[Captioned web images]
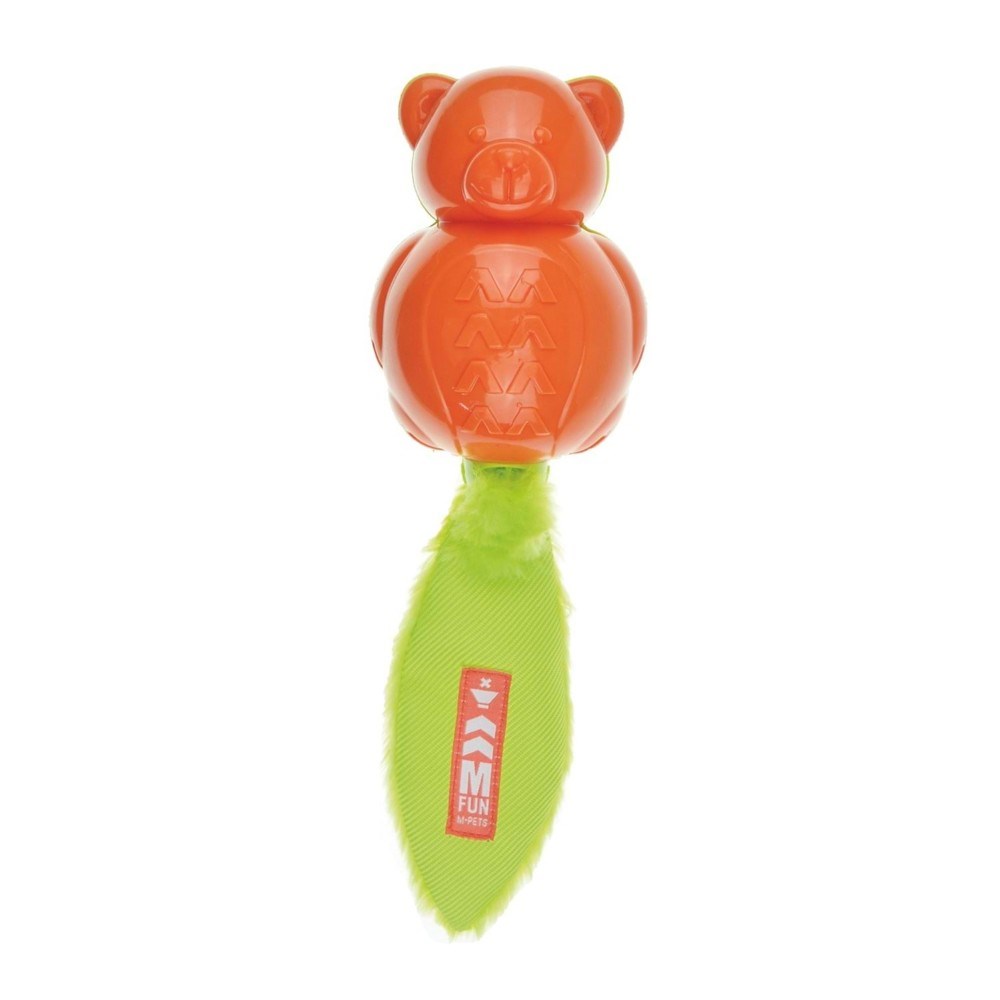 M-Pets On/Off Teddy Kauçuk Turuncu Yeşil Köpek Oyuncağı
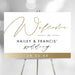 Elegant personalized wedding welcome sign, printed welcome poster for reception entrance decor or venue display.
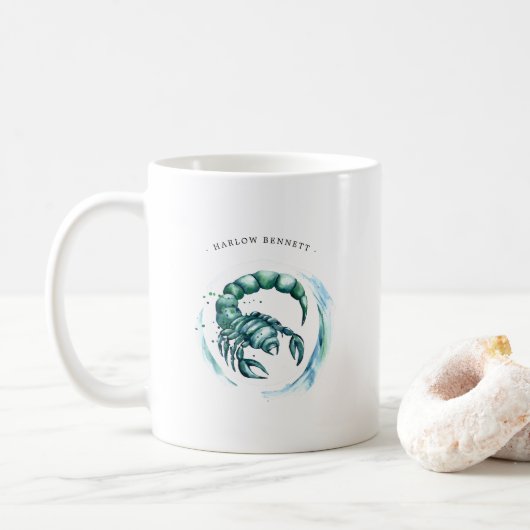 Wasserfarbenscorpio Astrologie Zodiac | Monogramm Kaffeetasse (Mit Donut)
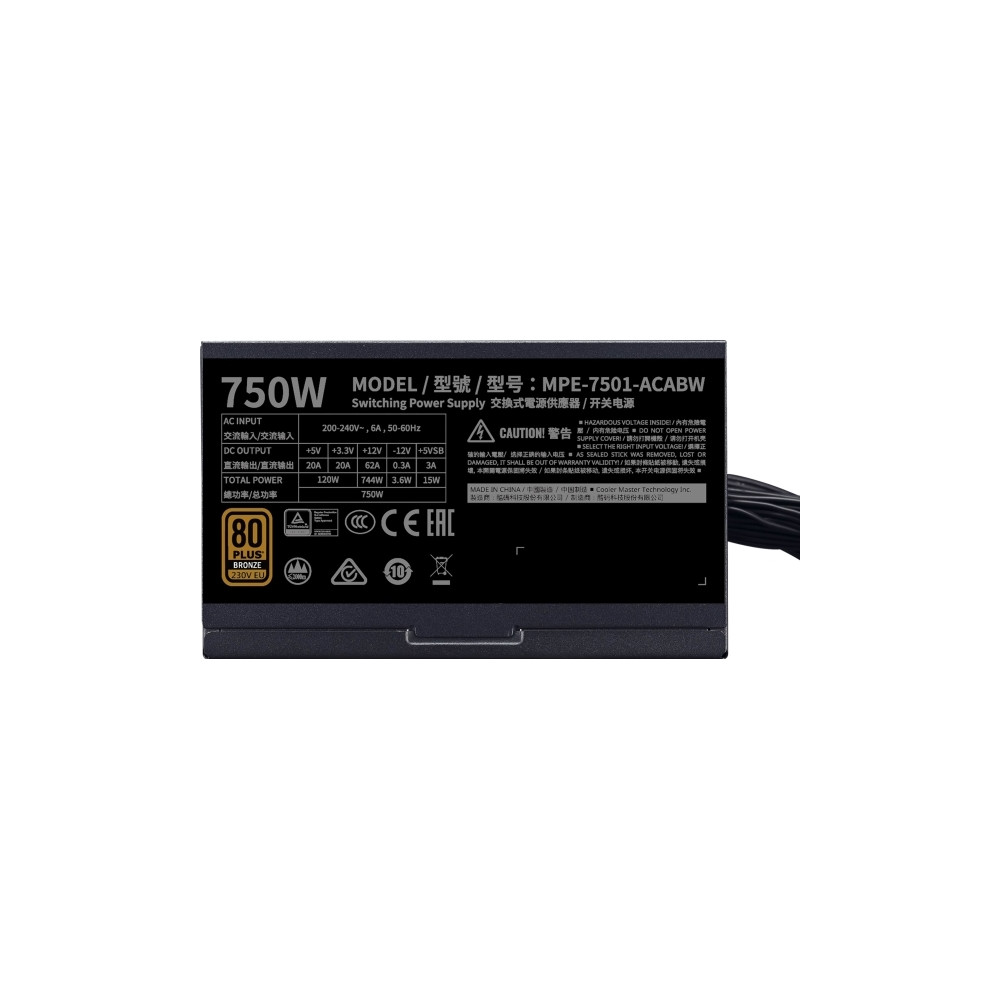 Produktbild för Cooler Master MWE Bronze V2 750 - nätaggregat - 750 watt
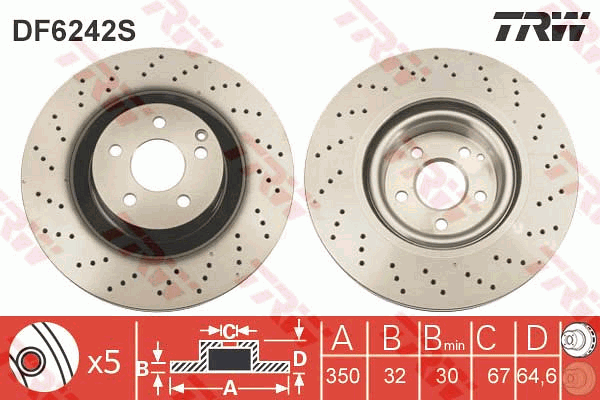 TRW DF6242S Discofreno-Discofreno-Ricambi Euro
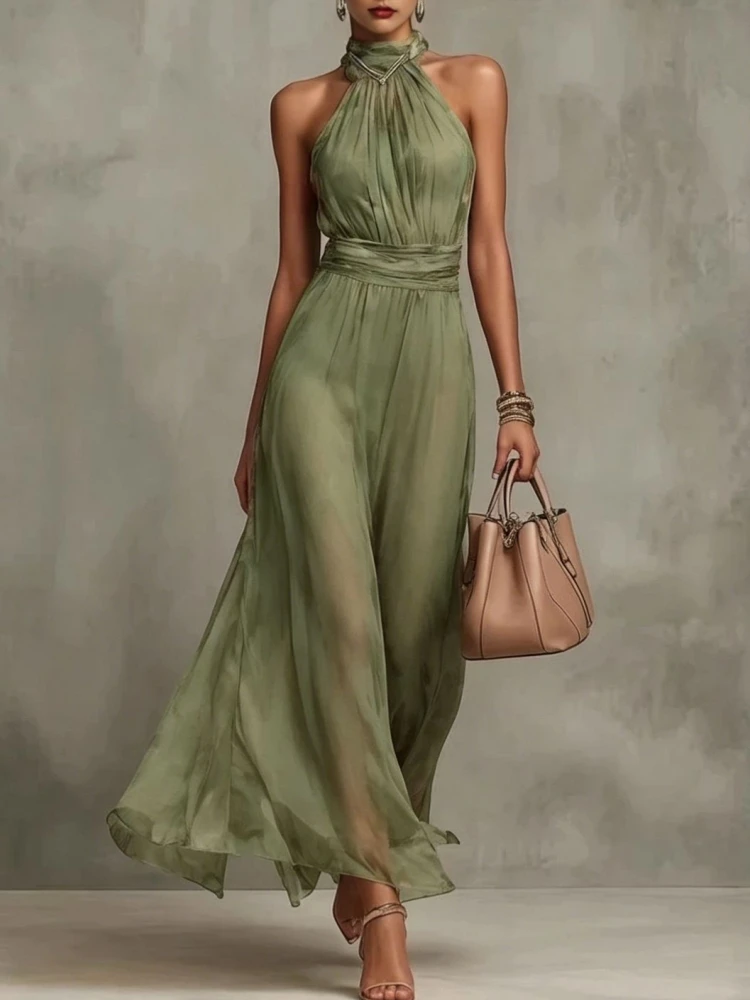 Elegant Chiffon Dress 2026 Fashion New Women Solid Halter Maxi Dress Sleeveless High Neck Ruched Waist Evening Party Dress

### Problem to work on
What you return should be the entries from above, unchanged and without their images.

### Result
 M-Pets On/Off Teddy Kauçuk Turuncu Yeşil Köpek Oyuncağı
 Elegant personalized wedding welcome sign, printed welcome poster for reception entrance decor or venue display.
 Wasserfarbenscorpio Astrologie Zodiac | Monogramm Kaffeetasse (Mit Donut)
 Produktbild för Cooler Master MWE Bronze V2 750 - nätaggregat - 750 watt
 TRW DF6242S Discofreno-Discofreno-Ricambi Euro
 Elegant Chiffon Dress 2026 Fashion New Women Solid Halter Maxi Dress Sleeveless High Neck Ruched Waist Evening Party Dress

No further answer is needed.